Double Trouble (Action/Adventure)
By Jerry Gill
Ann Darrow Publishing
ISBN #978-150258829
Price $12.54
416 Pages
Rating 4-Stars
“Old Style Fun &
Adventure.”
This actually contains the first two novels in the Vic
Challenger series, “Time Doesn’t Matter” and “Mongol”. The first story has
Victoria Custer and her brother, Barney visiting Lord & Lady Greystoke’s
ranch in Africa, where Tarzan allows Vic to hunt water buffalo and other game.
The natives and white men are all in awe of Vic, and Tarzan tells them that the
girl is a capable hunter. One day when Vic is out hunting, slavers capture her.
Barney, Tarzan and his Waziri take the trail to rescue her and kill the Arab slavers.
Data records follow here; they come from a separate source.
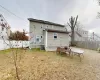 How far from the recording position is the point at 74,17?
89.4 ft

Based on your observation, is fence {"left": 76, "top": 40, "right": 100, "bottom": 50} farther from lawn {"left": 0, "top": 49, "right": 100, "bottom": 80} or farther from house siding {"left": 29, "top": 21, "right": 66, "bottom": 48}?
lawn {"left": 0, "top": 49, "right": 100, "bottom": 80}

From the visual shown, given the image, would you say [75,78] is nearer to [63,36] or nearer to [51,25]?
[63,36]

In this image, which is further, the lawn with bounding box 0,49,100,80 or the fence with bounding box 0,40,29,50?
the lawn with bounding box 0,49,100,80

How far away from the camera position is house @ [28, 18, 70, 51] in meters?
16.2

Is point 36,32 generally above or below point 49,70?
above

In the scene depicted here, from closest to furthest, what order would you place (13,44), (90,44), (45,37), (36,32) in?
1. (13,44)
2. (45,37)
3. (36,32)
4. (90,44)

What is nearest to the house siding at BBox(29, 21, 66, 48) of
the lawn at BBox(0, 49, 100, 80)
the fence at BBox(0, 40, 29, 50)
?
the fence at BBox(0, 40, 29, 50)

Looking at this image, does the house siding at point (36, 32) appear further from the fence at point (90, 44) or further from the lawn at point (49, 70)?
the fence at point (90, 44)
Amidst this early tale, Vic dreams about Nu and Nat-ul, a couple in love
100,000 years ago during the Stone Age. We learn their story, and how they
influence Victoria Custer in 1919. In truth, Vic and Nat-ul seem to be
attached, and Vic may be Nat-ul reincarnated. With this knowledge Vic feels she
must find her lost lover, Nu, son of Nu, chief of the Nu people, dwellers in
caves.
The story is episodic, with Vic falling into traps,
escaping, fighting against great odds, and always showing the strength and
fearlessness of the stone-age tribe of Nu. The author’s writing style captures
that of Edgar Rice Burroughs. And, indeed, we have the cameo of Tarzan at his
African ranch, and chapter titles like “Back To The Stone Age”, etc. In this
story, Vic meets Ann Darrow who tells her about her adventure on Skull
Island. She also meets an “Indiana”
Jones. Victoria obtains a job with a big newspaper to supply stories and
photographs of her adventures, using the byline of Vic Challenger, her homage
to Professor Challenger from The Lost World.
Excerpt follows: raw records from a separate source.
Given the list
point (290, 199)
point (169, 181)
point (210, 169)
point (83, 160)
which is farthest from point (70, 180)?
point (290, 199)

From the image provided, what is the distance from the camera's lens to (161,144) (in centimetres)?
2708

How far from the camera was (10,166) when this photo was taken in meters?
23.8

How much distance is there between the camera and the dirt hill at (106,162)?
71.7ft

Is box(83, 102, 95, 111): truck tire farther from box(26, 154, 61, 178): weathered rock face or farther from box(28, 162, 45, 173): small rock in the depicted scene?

In “Mongol”, the second, and weakest, novel in the
book, it reads a bit like a travelogue, with some episodic adventures. Lin Li,
her pharmacist friend, joins Vic and they meet Evelyn Chan, the niece of
Charlie Chan in San Francisco. She is a private detective involved in a murder
mystery. The mystery follows them on board The Red Dragon, a ship heading for
Hawaii before the mystery is solved. As they enter China, heading for Mongolia,
they pick up a guide and learn about food and travel through the desert. They
run across a band of Red Beards and have a shoot out, then giant worms come out
of the ground and attacks everyone. Then they discover an underground city with
space aliens, and rooms filled with gold, jewels, and silver. Escaping seconds
before being killed, they return to their guide’s home to find Mongol warriors
killing all the people. Alone, Vic, Lin, and their guide take on the Mongol
horde in a fierce fight defeating them just as the Cavalry shows up.
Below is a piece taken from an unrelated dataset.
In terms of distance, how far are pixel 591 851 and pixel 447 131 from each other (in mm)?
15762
Overall, this is a fun series so far, but the author
needs to have better structure to the novel, instead of short episodic
adventures, it needed a real plot the reader could follow. And with the travelogue
in the second novel, the action slowed down a bit too much. For me, the story
of Nu and Nat-ul, which took up a good portion of the first novel, was the best
portion of the two books. The writing definitely captured Edgar Rice Burroughs
in that segment. I like the character of Victoria Custer and Lin Li, although a
lot of the dialogue was wooden in the second book. However, it is written in
the old pulp style, and I think readers of adventure heroes like Doc Savage and
Indiana Jones will enjoy it. Highly recommended.